Recognise specific target cell
Attach via specific mechanisms
Penetrate cell.
Uncoat from capsid to release genetic material and accessory proteins
Macromolecular synthesis - initial synthesis of proteins required fro genome replication, actual genome replication, and translation of structural protein
Post-translational modification
Assembly of virus
Release of virus by lysis (non-enveloped) or budding (enveloped)
What are the important innate and adaptive immune responses to viruses?
Innate - interferon, NK cells, macrophages (inactivate opsonised particles, produce interferon, and APC)
Adaptive - T cells (prevent re-activation by latent viruses); Antibodies (neutralise extracellular virus, protect against re-infection or post-vaccine infection)
Outline obstacles to the development and use of antiviral agents
Difficulties getting drug to the virus (intracellular)
Targeting host-cell machinery can damage host cells
Viral resistance due to high genomic mutation (esp. RNA), and treatment selecting mutations
Viral infections are generally self-limiting.
Difficult to grow, test sensitivities, dangerous to handle, and drugs thus expensive to develop
Vaccines are often more effective than treatment.
Outline general indications for antiviral indications.
Acute illnesses with high mortality/morbidity (trying, but doesn’t happen much yet)
Chronic infections with long-term complications. (currently used)
Immunocompromised hosts a risk of severe disease (latent viruses - CMV, HSV; or RSV)
Acute or reactivation of common infections (Flu, HSV, VZV)
Reduce transmission (pandemic influenza)
What are the Specific indications for HIV treatment?
Pregnancy
HIV-associated nephropathy
Co-infection with HBV
HIV related infection or malignancy
What are the general indications for HIV treatment?
Based on CD4 count - below 350 is strong recommendation to treat, 350-500 moderate recommendation.
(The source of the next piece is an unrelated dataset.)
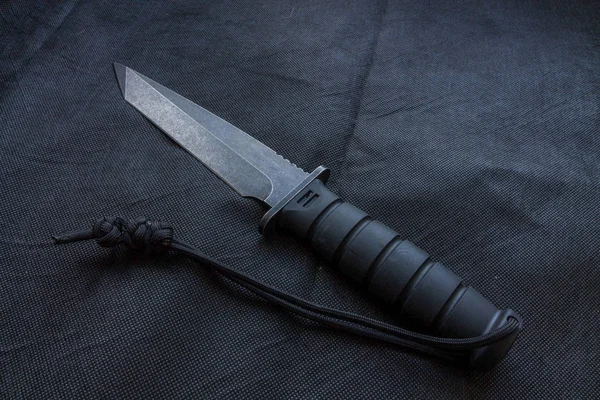 Black knife on a black background for the military.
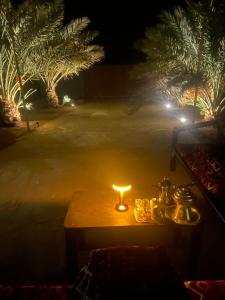 a table with a candle on it at night at Mountain house in Al-ʿUla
Not everyone needs treatment from the beginning.
What are the indications for antiviral therapy in influenza?
Severe influenza or influenza in high-risk groups (must give early)
Uncomplicated influenza (reduce symptoms by 24 hours)
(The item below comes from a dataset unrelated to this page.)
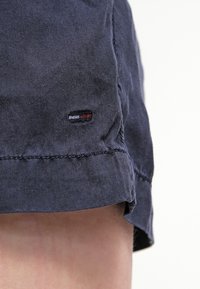 Gros plan sur un short en tissu bleu marine avec un petit logo de marque cousu près de l'ourlet sur la jambe d'une personne.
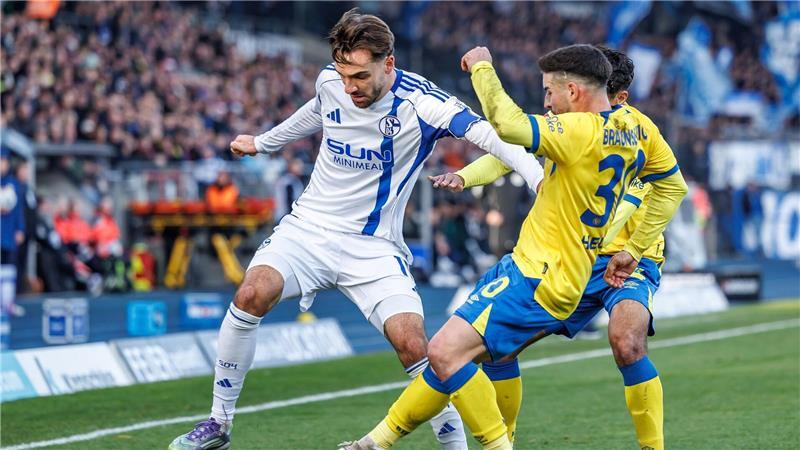 Die Braunschweiger Johan Gomez (verdeckt, Eintracht Braunschweig) und Robin Heußer bedrängen den Schalker Kenan Karaman (l).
Prophylaxis following exposure in instances such as pandemics.
What are the indications for antiviral therapy in herpes viruses?
Immunosuppressed - Particularly those with poor T-cell immunity (HIV, steroid treatment, transplantation), to prevent reactivation of latent virus. Severe or complicated herpes simplex Severe or recurring genital herpes Severe chickenpox, and shingles Keratitis
What is the MoA for Herpes antivirals?
Provide a false substrate for nucleos(t)ides, and inhibit DNA polymerase.
Acyclovir, Valaciclovir, Famciclovir - Nucleoside analogues that inhibit DNA polymerase.
Competes with natural substrate to inhibit DNA polymerase and terminate the growing viral DNA chain.
What is the MoA for influenza antivirals?
Neuraminidase inhibitors - zanamivir/oseltamivir - Siacilic acid analogue that prevents the release of the virus by inhibiting neuraminidase.
Amantadine/rimantadine - Block M2 ion channels, preventing uncoating of the virus. (not used much)
What is the MoA for HIV antivirals?
Nucleos(t)ide reverse transcriptase inhibitors - terminate DNA chain - Main drugs
Non-nucleoside reverse transcriptase inhibitors - block reverse transcriptase enzyme
Protease inhibitors - Prevent HIV protease undertaking post-transcriptional modification of long polypeptide into individual proteins.
Integrase inhibitors - Prevent integration of HIV DNA into genome.